La madre del futuro escritor reaccionó como hemos visto al principio de este reportaje; en cuanto al padre, llegó a exhibir un revólver y exigió que Julia abandonase Perú. Hizo llegar a su hijo una carta que decía exactamente así: "Mario: doy 48 horas de plazo para que esa mujer abandone el país. Si no lo hace, me encargaré yo, moviendo las influencias que haga falta, de hacerle pagar caro su audacia. En cuanto a ti, quiero que sepas que ando armado, que no permitiré que te burles de mí. Si no obedeces al pie de la letra y esa mujer no sale del país en el plazo indicado, te mataré de cinco balazos como a un perro, en plena calle".

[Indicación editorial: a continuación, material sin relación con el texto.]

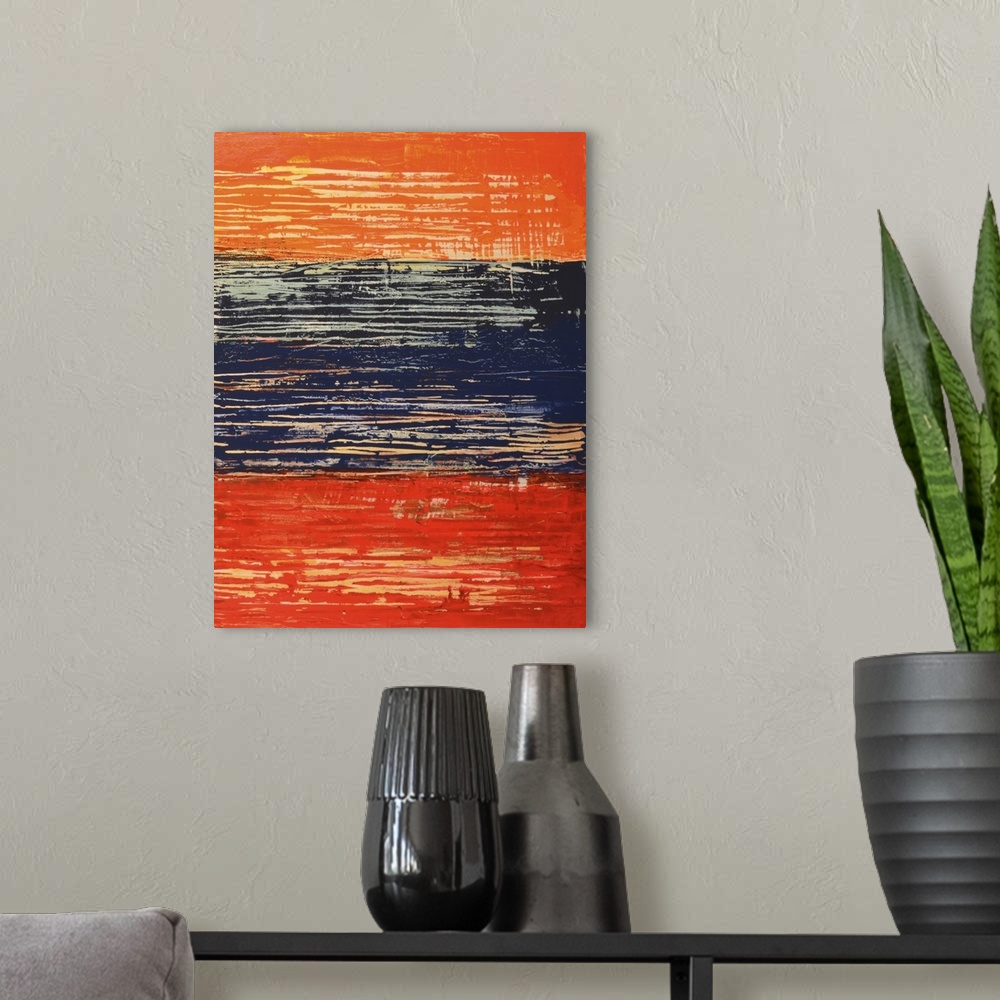 A modern room featuring Abstract art using orange, red and dark blue in a weathered and worn look.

Y Julia partió, claro. El matrimonio estuvo separado físicamente casi dos meses, transcurridos los cuales las cosas se apaciguaron y Mario logró que poco a poco todos aceptaran la relación. No fue fácil: hubo de demostrarle al padre que podía mantener un hogar (llegó a tener hasta siete trabajos a la vez) y además seguir con sus estudios. Todos en la familia tenían muchas expectativas puestas en él, pensaban que estaba destinado a algo grande y no podían consentir que una mujer diera al traste con sus sueños.

Divorcio

No sólo no fue así, sino que ella le ayudó a ser el escritor que siempre quiso ser, como reconocería él más adelante. Su unión duraría nueve años, pero, tanto en la novela La tía Julia y el escribidor como en las memorias que más tarde publicaría el futuro Nobel de literatura, tituladas El pez en el agua, Vargas Llosa se limita a contar cómo fueron esos comienzos y que un día el amor se acabó. El libro Amores contra el tiempo relata todo lo que vino después, para lo cual cuenta, entre otras cosas, con el inestimable testimonio de Julia Urquidi, que publicó su propia versión de los hechos en el libro Lo que Varguitas no dijo y dio varias entrevistas. Porque el matrimonio no se terminó porque ellos se llevaran mal, ni por la diferencia de edad, sino porque apareció una tercera en discordia: Patricia, sobrina de Julia y prima carnal de Mario Vargas Llosa.